Photo from Interface GAN Github | Attributes like pose, age, expression, and eyeglasses can be tweaked by translating the input vector in the respective latent direction.

This is exciting! A trivial linear operation on the input vector brings about such a complex transformation in the output image. These latent directions are like knobs which you can tune to get the desired effect on the output image. Incredible!

In our image classifier, we are doing exactly the opposite of GAN. In the classifier, we take an image and get a vector of length 1000 in the FC layer, and with the PCA transformation, we reduce its dimension to 50. The idea we want to explore is whether the image attributes we have trained the model for, are they getting arranged in a linear fashion in the vector space of the FC layer and the layer after PCA. The answer is indeed a yes!

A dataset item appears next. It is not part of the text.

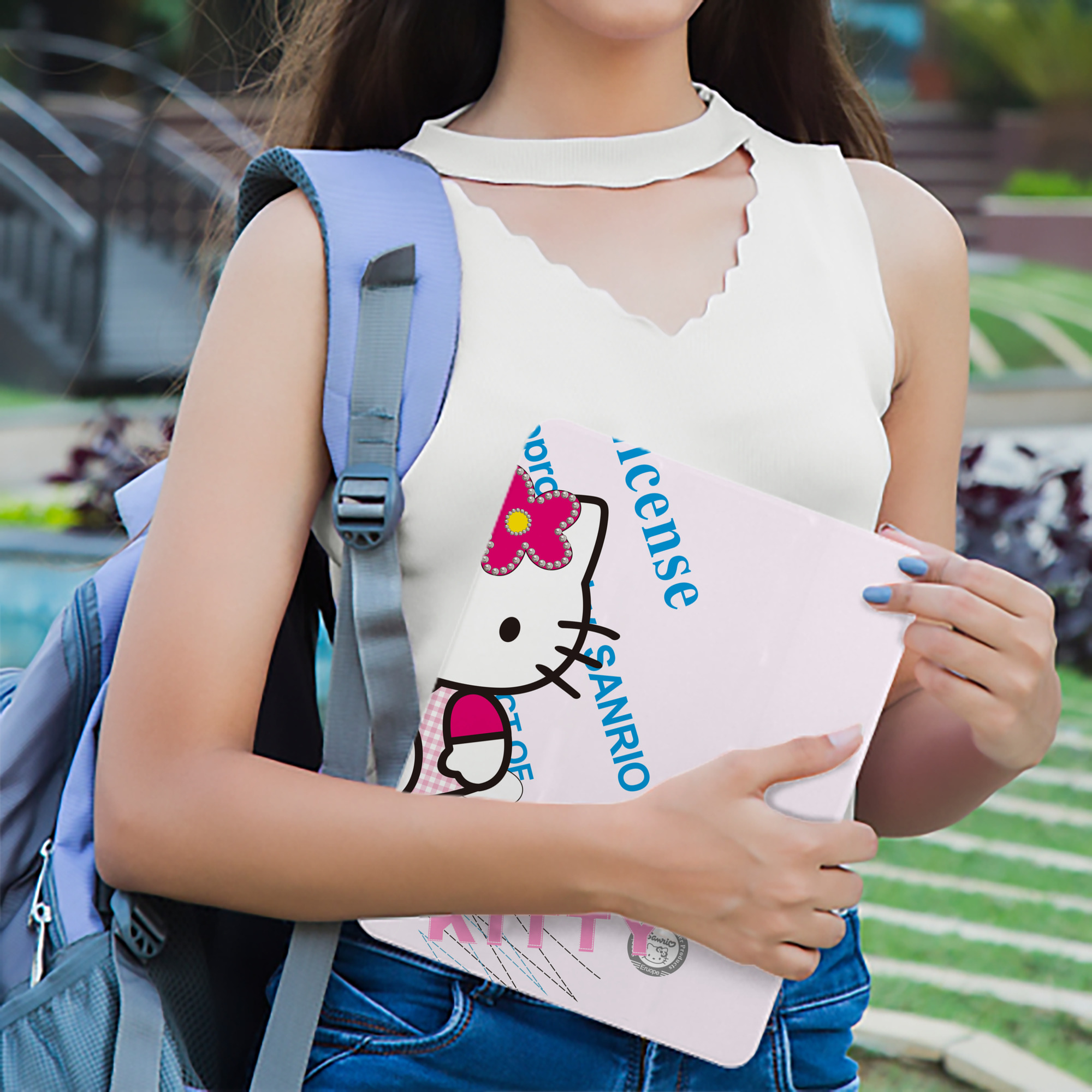 Hello Kitty ハローキティ IPad ケース ブック型 PUレザー TPU 耐衝撃 軽量 薄型 ペン収納なし 全面保護 IPad 各モデル対応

One of the tasks in the iMaterialist challenge is to identify the sleeve length which is classified into five types: long-sleeved, short sleeves, puff sleeves, sleeveless, and strapless. Out of these five, three are in majority: long-sleeved, short sleeves, and sleeveless. Now we want to see if there exists a latent direction along which these three sleeve length classes get segregated. If it was a binary Classification, we could have used logistic regression and the vector of coefficients would have given us the latent direction but in our case, we have multiple classes.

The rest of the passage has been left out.